4.         Students will learn how to add detail to create characters.

 

Student Materials:

 

            1.         Finger paint (assorted colors)

            2.         White paper (9”x12”)

            3.         Newspaper

            4.         Black markers

           

Teacher Materials:

 

            1.         Slides- Artist Chuck Close

            2.         Fingerprint Drawing Book By:  Ed Emberley

 

Vocabulary:

 

            1.         Printmaking

            2.         Pointillism

            3.         Thumb

            4.         Index finger

 

Procedure:

 

            1.         Introduction:

·         Discuss the basic techniques of both pointillism and printmaking

·         Give a brief history of Chuck Close and show several slides of his work

·         Introduce Ed Emberley’s drawing book and show examples

            2.         Completely cover thumb with desired color paint by pressing thumb in paint

            3.         Create a circle using thumbprint

            4.         Clean thumb completely free of paint

            5.         Chose a different color paint and completely cover thumb

            6.         Create an upside down “Y” in the center of the circle

            7.         Clean thumb completely free of paint

            8.         Cover index finger with a different color paint

            9.         Place a dot in the center of the upside down “Y”

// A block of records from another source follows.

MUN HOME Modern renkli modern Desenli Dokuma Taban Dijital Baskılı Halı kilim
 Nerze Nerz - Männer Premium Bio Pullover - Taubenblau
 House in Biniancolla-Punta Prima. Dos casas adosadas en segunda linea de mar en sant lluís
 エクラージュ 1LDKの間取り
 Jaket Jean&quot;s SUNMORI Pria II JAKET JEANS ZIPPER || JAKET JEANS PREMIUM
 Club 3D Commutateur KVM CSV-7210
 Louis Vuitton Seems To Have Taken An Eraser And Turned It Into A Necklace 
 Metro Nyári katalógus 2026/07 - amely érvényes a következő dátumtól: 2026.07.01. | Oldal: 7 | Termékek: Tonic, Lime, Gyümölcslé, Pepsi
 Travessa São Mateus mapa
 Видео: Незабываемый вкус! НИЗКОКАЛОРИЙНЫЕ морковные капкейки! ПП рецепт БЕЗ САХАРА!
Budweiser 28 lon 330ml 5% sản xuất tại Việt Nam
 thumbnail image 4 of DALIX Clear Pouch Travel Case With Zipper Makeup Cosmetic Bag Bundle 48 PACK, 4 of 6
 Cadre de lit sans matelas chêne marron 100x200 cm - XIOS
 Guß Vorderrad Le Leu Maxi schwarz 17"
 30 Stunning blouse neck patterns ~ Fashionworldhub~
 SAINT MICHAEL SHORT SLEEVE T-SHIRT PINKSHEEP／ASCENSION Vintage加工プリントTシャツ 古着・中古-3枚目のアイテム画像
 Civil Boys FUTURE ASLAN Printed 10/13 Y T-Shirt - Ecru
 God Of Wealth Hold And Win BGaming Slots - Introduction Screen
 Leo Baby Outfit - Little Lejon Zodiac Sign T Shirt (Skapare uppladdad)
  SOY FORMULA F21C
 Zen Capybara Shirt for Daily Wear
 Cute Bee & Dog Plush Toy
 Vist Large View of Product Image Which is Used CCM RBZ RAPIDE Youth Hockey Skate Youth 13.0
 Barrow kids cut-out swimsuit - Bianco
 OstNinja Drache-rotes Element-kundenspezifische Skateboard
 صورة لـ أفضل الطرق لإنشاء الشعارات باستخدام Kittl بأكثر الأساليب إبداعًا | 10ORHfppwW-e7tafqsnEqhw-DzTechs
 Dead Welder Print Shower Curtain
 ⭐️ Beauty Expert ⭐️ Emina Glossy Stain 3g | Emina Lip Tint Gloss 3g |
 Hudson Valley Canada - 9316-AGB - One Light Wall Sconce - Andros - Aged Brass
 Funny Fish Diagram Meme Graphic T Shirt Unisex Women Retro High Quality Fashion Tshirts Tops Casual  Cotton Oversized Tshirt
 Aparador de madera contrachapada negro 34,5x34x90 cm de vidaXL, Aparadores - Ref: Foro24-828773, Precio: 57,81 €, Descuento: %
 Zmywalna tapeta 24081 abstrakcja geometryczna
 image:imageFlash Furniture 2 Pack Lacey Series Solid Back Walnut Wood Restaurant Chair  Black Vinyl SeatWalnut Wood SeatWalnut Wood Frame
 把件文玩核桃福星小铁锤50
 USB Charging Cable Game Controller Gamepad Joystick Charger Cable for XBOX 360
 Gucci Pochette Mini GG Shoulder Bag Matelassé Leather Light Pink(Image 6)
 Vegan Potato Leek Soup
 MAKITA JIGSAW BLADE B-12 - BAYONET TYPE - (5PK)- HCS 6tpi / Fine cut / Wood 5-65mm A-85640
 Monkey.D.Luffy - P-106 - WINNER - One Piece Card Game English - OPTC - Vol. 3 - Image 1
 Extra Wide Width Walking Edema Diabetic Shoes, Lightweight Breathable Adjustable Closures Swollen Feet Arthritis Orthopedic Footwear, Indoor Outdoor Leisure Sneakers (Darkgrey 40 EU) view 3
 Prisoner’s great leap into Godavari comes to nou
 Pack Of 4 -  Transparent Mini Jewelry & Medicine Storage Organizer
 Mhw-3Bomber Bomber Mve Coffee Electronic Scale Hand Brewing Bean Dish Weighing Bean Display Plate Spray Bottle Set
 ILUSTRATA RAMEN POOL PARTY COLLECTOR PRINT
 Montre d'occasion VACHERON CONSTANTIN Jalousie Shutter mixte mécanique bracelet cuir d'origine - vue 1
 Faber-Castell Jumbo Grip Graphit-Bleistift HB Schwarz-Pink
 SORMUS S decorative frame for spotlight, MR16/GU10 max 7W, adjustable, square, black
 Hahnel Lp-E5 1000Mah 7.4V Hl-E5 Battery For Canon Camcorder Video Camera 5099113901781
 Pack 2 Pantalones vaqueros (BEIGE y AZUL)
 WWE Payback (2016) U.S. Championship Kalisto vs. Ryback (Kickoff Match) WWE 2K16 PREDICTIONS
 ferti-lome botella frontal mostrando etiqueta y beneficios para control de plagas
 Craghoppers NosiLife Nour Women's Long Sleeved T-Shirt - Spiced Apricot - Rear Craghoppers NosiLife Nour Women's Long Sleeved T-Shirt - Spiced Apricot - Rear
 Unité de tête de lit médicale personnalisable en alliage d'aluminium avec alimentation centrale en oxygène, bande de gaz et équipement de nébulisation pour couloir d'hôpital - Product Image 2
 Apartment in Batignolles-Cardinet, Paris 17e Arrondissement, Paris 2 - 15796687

                              10.       Using a black marker create eyes, nose, and any other detail to complete the lion’s face

                              11.       Closure:

·         Hang up student artwork

·         Discuss what was learned and critique

 

Comments/Suggestions:

 

 

 

*Kindergarten Artistic Development:

 

       The kindergarten stage of development that Lowenfeld describes is the “Making Symbols” stage that occurs for children 
between the ages of four and eight years old.  This stage starts out with the creation of “head-feet” people.  The child tends to create 
geometric people, paying close attention to the head and the feet.  Lowenfeld also paid close attention to the detail that children put 
into what they feel is important, during this stage.   Children at this age of development tend to omit body parts they feel are 
unimportant and pay closer attention to the ones they deem important.  Children at this stage soon realize the spatial relationship of 
objects and for example, make horizon lines that all people and animals can stand on or a sky line at the top of the paper.  In this 
stage the child is still not thinking completely realistic, but there are elements to their artwork that are on their way to becoming 
realistic.  
 
**Cultural/Historical Background:
 
       Postimpressionism is a French style of painting started in late nineteenth century, following impressionism.  It stressed 
expressions of feelings and ideas.  Georges Seurat was one of the artists in the postimpressionist movement.  He was a superb 
draftsman who invented a new method of painting called pointillism.  Pointillism is in nineteenth-century French paintings in which 
colors are systematically applied in small dots, producing vibrant surfaces.  He painted by applying small dots of pure color over the 
canvas.  Later, Louis-J. M. Daguerre and William Henry Fox Talbot presented artists with extraordinary ways to capture images 
from the world around them and new ways to speak to their audiences through photography.  Photography pushed painting, 
drawing, and printmaking into new realms of interpretation and picture making.

 

Resources:

 

Emberley, Ed.  Fingerprint Drawing Book.  New York:  Little, Brown and Company.

1994.

 

Herberholz, Barbara and Donald.  Artworks for Elementary Teachers:  Developing

Artistic and Perceptual Awareness.  9th Edition.  New York:  McGraw Hill.  2002.